S’il y a une chose à attendre de la randonnée à la Pointe de Talamarche, ce n’est pas seulement la vue sur le lac, mais le jeu des lumières sur les crêtes et cette mélodie discrète : tintement des vaches, souffle du vent, parfois l’appel d’un milan noir. Marcher ici, c’est accepter de ne rien attendre de spectaculaire, et se laisser surprendre par tout le reste : la texture des fougères, le moelleux du tapis de mousse sous les arbres, la couleur changeante de la roche sous la pluie ou les rayons rasants.

Checklist du randonneur prudent : s’équiper et prévoir

Équipement Indispensable ? Pourquoi
Chaussures de rando Oui Adhérence sur passages humides, protection de la cheville
Veste imperméable & coupe-vent Oui Changement brutal de météo au sommet
Eau (min. 1,5 L) Oui Il n’y a aucune source fiable en été
Carte / Appli GPS Oui (toujours) Balisage parfois trompeur sur crête et descente
Petite trousse de secours Facultatif, mais conseillé Chute ou blessure sur pierre
Goûter salé-sucré À votre goût… Un sommet sans casse-croûte n’a pas la même saveur
Crème solaire, lunettes Oui Lac et neige réfléchissent fort, UV intenses dès 11 h
Appareil photo / carnet Pour les amateurs La lumière est unique – de quoi remplir la mémoire (et quelques pages)
Tableau-repère : l’essentiel à ne pas oublier pour une balade sûre et agréable à la Pointe de Talamarche.

S’offrir un sommet accessible et marquant : le goût de la liberté (plus tout à fait sauvage, pas encore domestiquée)

Il reste quelque chose, en rentrant, de cette lumière, de l’air vif, du goût du fromage partagé au sommet. On se découvre un peu plus léger, ou plein d’idées nouvelles, ou renouvelé par la fatigue saine du chemin. Si vous cherchez une randonnée montagne sans excès de difficulté, mais riche en émotions et en vues à couper le souffle, la Pointe de Talamarche s’impose d’elle-même.

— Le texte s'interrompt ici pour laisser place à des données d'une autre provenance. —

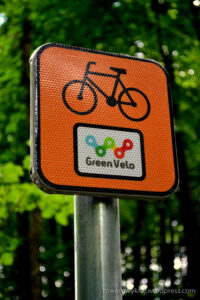 Tabliczka informująca o szlaku rowerowym Green Velo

Envie d’échanger vos coups de cœur de randonnée, d’avoir des retours précis selon la saison, ou de partager vos trouvailles en dehors des sentiers battus ? La discussion est ouverte en commentaire, ou par mail : je prends toujours plaisir à lire vos récits de montagne, d’où que vous veniez. Et, qui sait, croiser un lecteur au détour d’un alpage, ça rend la balade encore plus belle.

FAQ – Randonnée Pointe de Talamarche, ce qu’on me demande souvent

Quelle durée prévoir pour l’aller-retour ?

Comptez environ 6 heures pour l’itinéraire classique, pauses comprises. Avec la boucle par le col des Nantets, prévoyez une bonne heure de plus.

Le dénivelé est-il accessible pour un marcheur occasionnel ?

Le dénivelé positif d’environ 1090 m exige un minimum d’habitude de la marche en montagne. Rien d’extrême, mais la montée est régulière et demande à prendre son temps, surtout jusque sous le sommet.

Faut-il craindre des passages techniques ?

Le passage du Roc Lancrenaz est équipé d’une main courante : il nécessite d’être attentif, surtout si la roche est humide. Si vous marchez avec des enfants ou si le vertige vous gagne vite, prévoir une pause et, si besoin, rebrousser chemin sans hésiter.

Où se garer sans stress ?

Le parking de Montremont, après le hameau des Pesets, est gratuit et rarement saturé, même en haute saison.

Quelle est la meilleure saison pour profiter de la Pointe de Talamarche ?

La période juin–septembre offre le meilleur équilibre : sentiers déneigés, panorama dégagé, faune active. Éviter la pointe des vacances si vous souhaitez marcher au calme.